Two nights ago at the hospital, I was on pager duty, which means that anytime someone needs something (the front desk has a new patient that has been dropped off; a dr. needs help restraining an animal for an exam, etc.), I was the go-to girl. It was a quiet night, and so wasn’t until about 6AM that I got my first page for the whole night: “stray…surrender..please pick up”.
Some nice person had been out for her morning walked and found a young cat, no more than 6 months but showing signs of having had her first litter recently, walking about the park. They brought her to us, so that she could go to the shelter (and, ugh, hopefully they didn’t unknowingly strip her from a new litter of kittens…)

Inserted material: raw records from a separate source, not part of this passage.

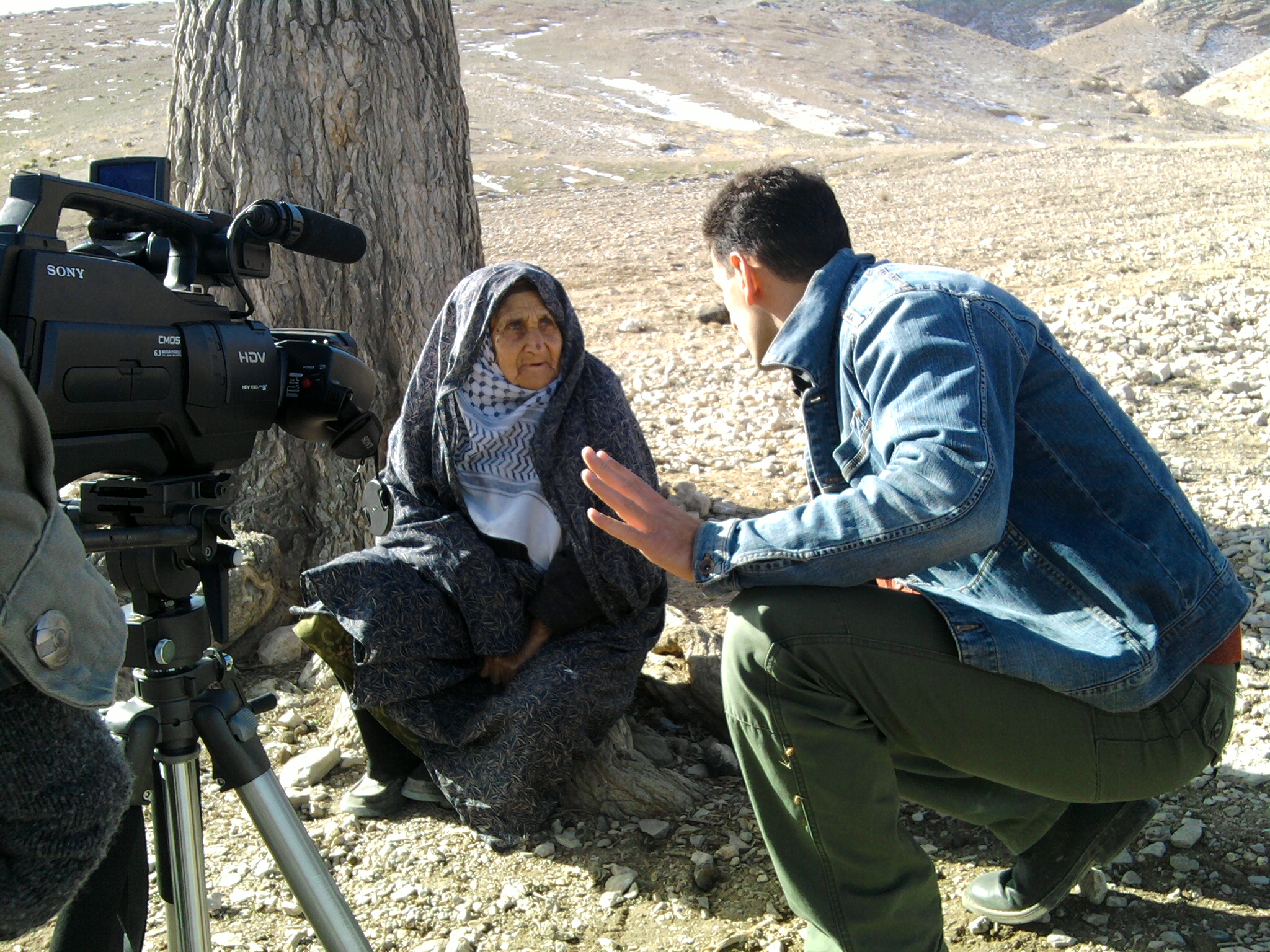 پشت صحنه فیلم تابستان 57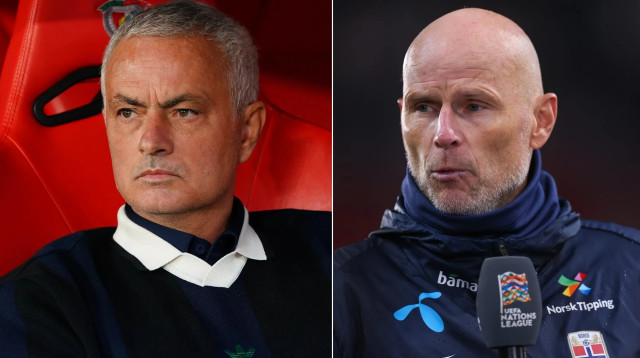 ז'וזה מוריניו, סטולה סולבאקן (צילום: GettyImages, אילוסטרציה)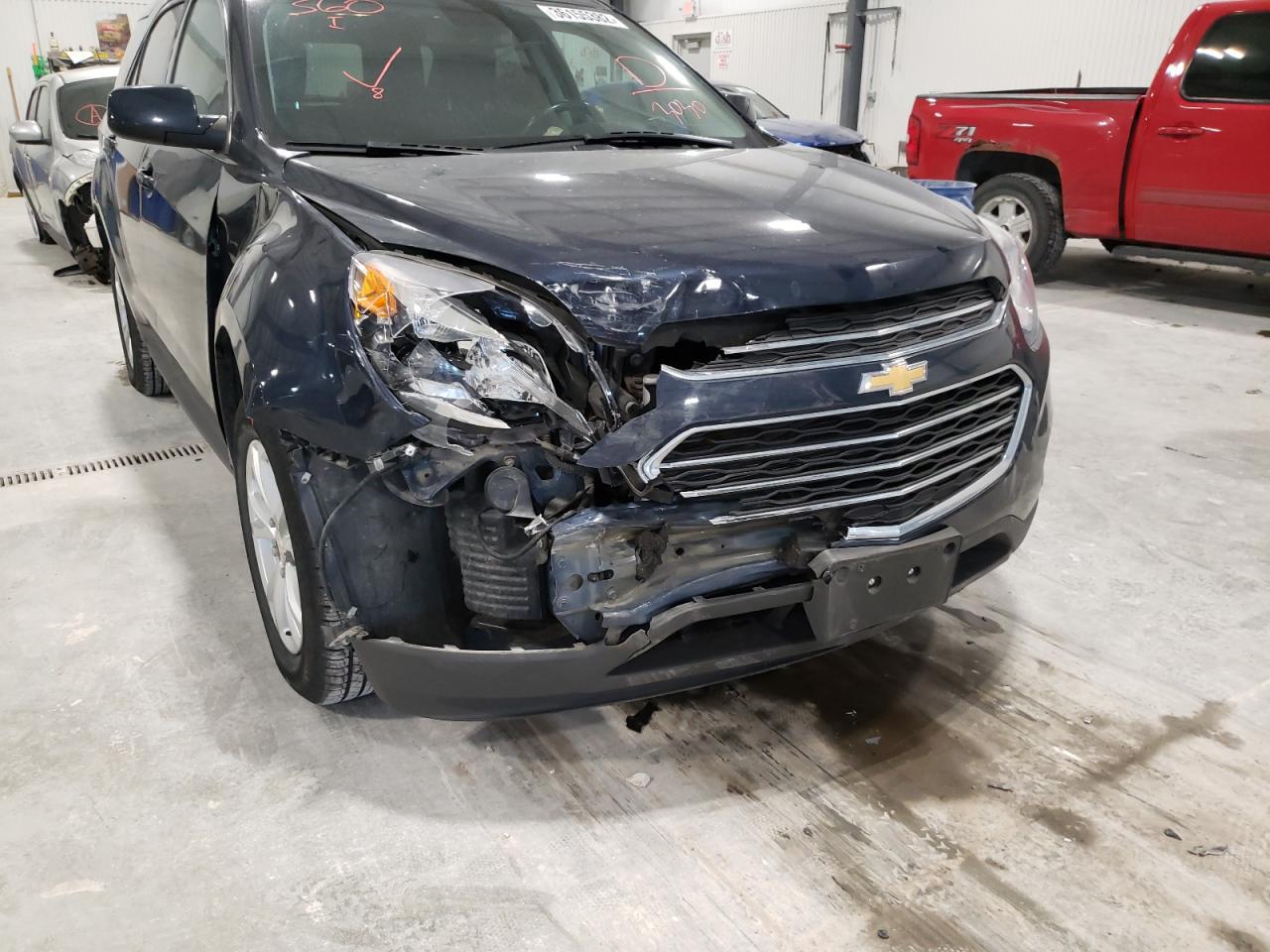 Photo 9 from auction – 2016 CHEVROLET EQUINOX LT with VIN 2GNFLFEK6G6243030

I haven’t been stuck with pager duty since last year, and it’s been ages since I’ve had to deal with a stray. Actually, I think the last stray/surrender I had to deal with was Martin, who is currently purring up a rhumba three inches from my face…soooo it’s probably best that I don’t do it so often.

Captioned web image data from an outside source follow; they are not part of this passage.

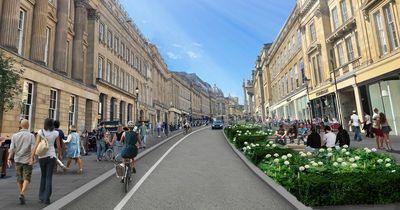 New Grey Street vision unveiled – as council confirms plans to remove bollards and axe parking spaces
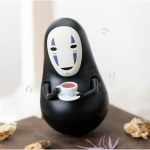 Studio Ghibli Spirited Away No Face Coffee Break Culbuto Figure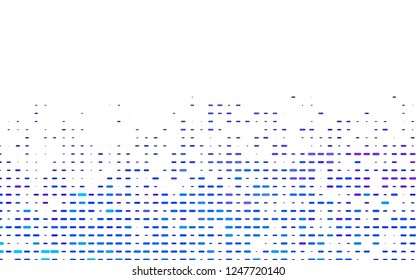 Light Multicolor, Rainbow vector texture with colored lines. Shining colored illustration with narrow lines. The pattern can be used as ads, poster, banner for commercial.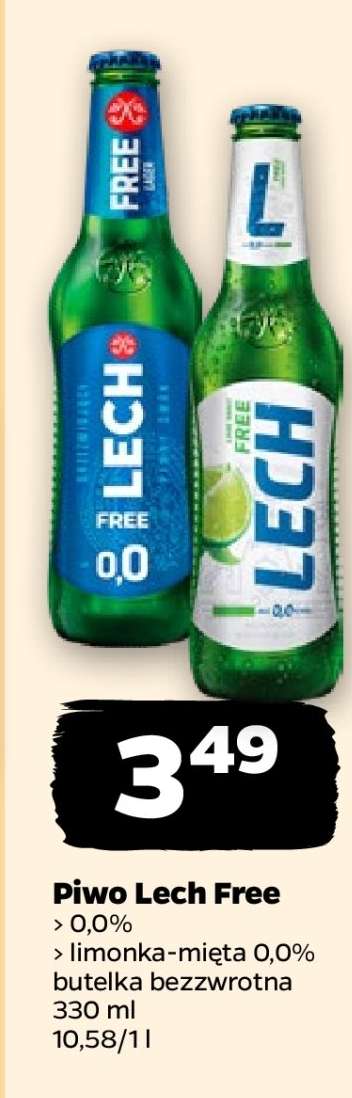 Piwo Lech Free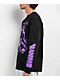 Shinya Circuit Inverse Black Long Sleeve T-Shirt - Thumbnail image 3 of 3
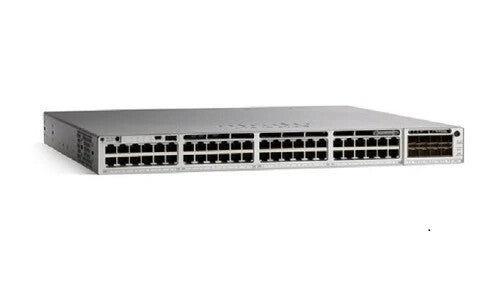 Cisco Catalyst C9300L-48UXG-4X-E netværksswitch Administreret L2/L3 10G Ethernet (100/1000/10000) Strøm over Ethernet (PoE) Grå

So I went to the front desk to collect the little cat; took her through an exam room to scan her for microchips (no ID found, naturally), and then we took the walk down to the shelter. The shelter has several holding rooms for animals – the public ones, with animals that are ready for adoption TODAY, and more private ones with animals who still need their shots, their spays, etc., or who still need to evaluated behaviorally to see if they can be adopted out. The new kids go into one of these back rooms.
No employees were in yet, and so the shelter was initially fairly silent. As soon as I flipped on the lights in a back cat room, a chorus of meows erupted. It was full…it SUCKED. Cats of all ages, newborn kittens, older, more sedate cats, a few litters, a few adult “siblings” whose bloody owners moved and couldn’t take their pets with them (so freaking unfathomable, I hate that more than anything I think, treating a pet like a bag of old laundry destined for Goodwill). There were at least 30 cats in that room alone, and that was just a fraction of the total cats in the building, waiting to be adopted.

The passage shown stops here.